Fuel cells are a technology of interest as future energy sources, as they aid in production of sustainable energy using simple hydrocarbons as fuels. They function by a simple operational mechanism with fuel oxidation on one side, and oxidant reduction on the other side of a membrane, liberating electrons thus contributing to electrical energy generation. A wide variety of fuels, such as methanol, ethanol, and propanol have been used so far. Among these fuels, methanol remains a favourable candidate due to its high energy density, ease of handling and other operational characteristics.
Hence methanol fuel cells find their potential use in laptop chargers, military applications or other scenarios where access to electricity is difficult. However the wider spectrum of commercial potential for methanol systems is greatly hindered by methanol cross over in the membrane. Cross over is the leaking of methanol from the anode to the cathode through the membrane, which creates a short circuit and adversely affects fuel cell performance. Cross over is mitigated by using a barrier layer on top of the membrane used. Previous work in this field tested different materials that yielded improved performance by reducing methanol crossover, but those materials also significantly reduced proton transport thereby significantly reducing performance, as membrane proton conductivity is one of the dominant factors for energy generation in fuel cells.
It is known that Andre Geim and co-workers (Nature, A.K. Geim et.al 2014), discovered proton transfer through single layer graphene and other 2D materials. Also graphene is known for its dense lattice packing structure, inhibiting the passage of methanol and other hydrocarbon-based molecules across the membrane. However, the actual application of these 2D materials in fuel cell systems has not yet been realized.
Figure: Schematic showing proton transport through the membrane region of a methanol fuel cell.

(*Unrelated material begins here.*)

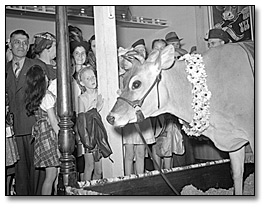 Photo: Children with Elsie the cow at the Canadian National Exhibition, [ca. 1941]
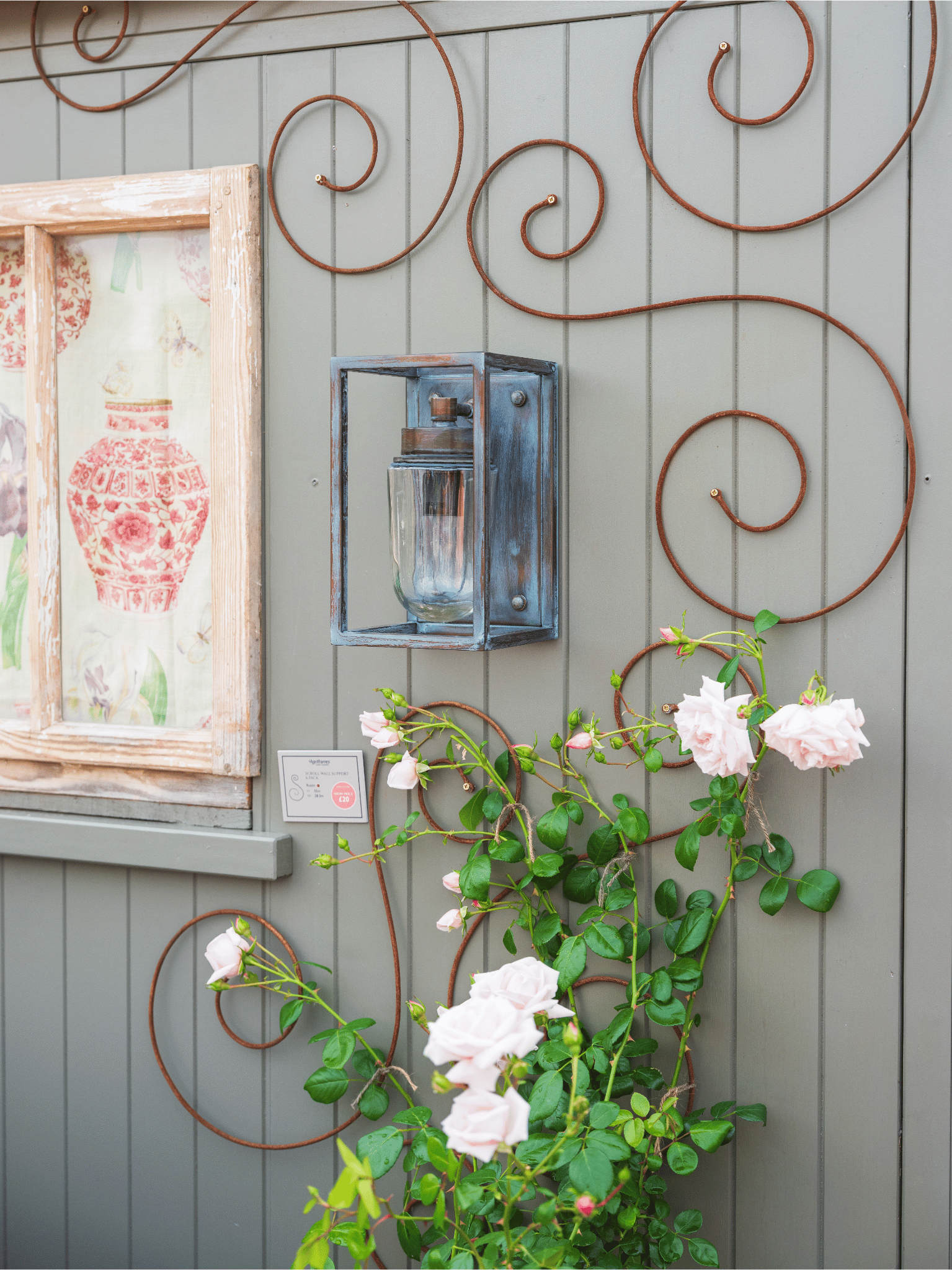 RHS Chelsea Flower Show 2025 - scroll wall trellis and Sherborne Outdoor Open Box Lantern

Researchers from the School of Chemical Engineering and Analytical Science at the University of Manchester have come up with a way to utilize these 2D materials in an actual operating direct methanol fuel cell. In their recently published paper in the journal Advanced Energy Materials (Holmes et al, 2016), they have shown that the addition of single layer graphene by chemical vapour deposition on to the membrane area has significantly reduced methanol cross over, while simultaneously causing negligible resistance to proton transport, thereby enhancing the cell performance by 50%. This first proof of concept shows that 2D materials make for excellent barrier materials for fuel cells.
Moreover, the work shows that high efficiency membraneless fuel cells could be realized in the near future. This technology could further be extended to other fuel cells types, namely hydrogen fuel cells.
Hydrogen fuel cells suffer from the usage of high cost humidifiers that keep the membrane in a humid atmosphere for improved proton conductivity. Graphene however, as reported in earlier studies, showed improved proton conductivity with increasing temperature without the need for humidifier systems. Utilizing graphene in fuel cells could make a significant contribution to satisfying future energy demands.
Article: Holmes, Stuart M., Prabhuraj Balakrishnan, Vasu. S. Kalangi, Xiang Zhang, Marcelo Lozada-Hidalgo, Pulickel M. Ajayan, and Rahul R. Nair. 2016. "2D Crystals Significantly Enhance The Performance Of A Working Fuel Cell". Advanced Energy Materials, 1601216. doi:10.1002/aenm.201601216.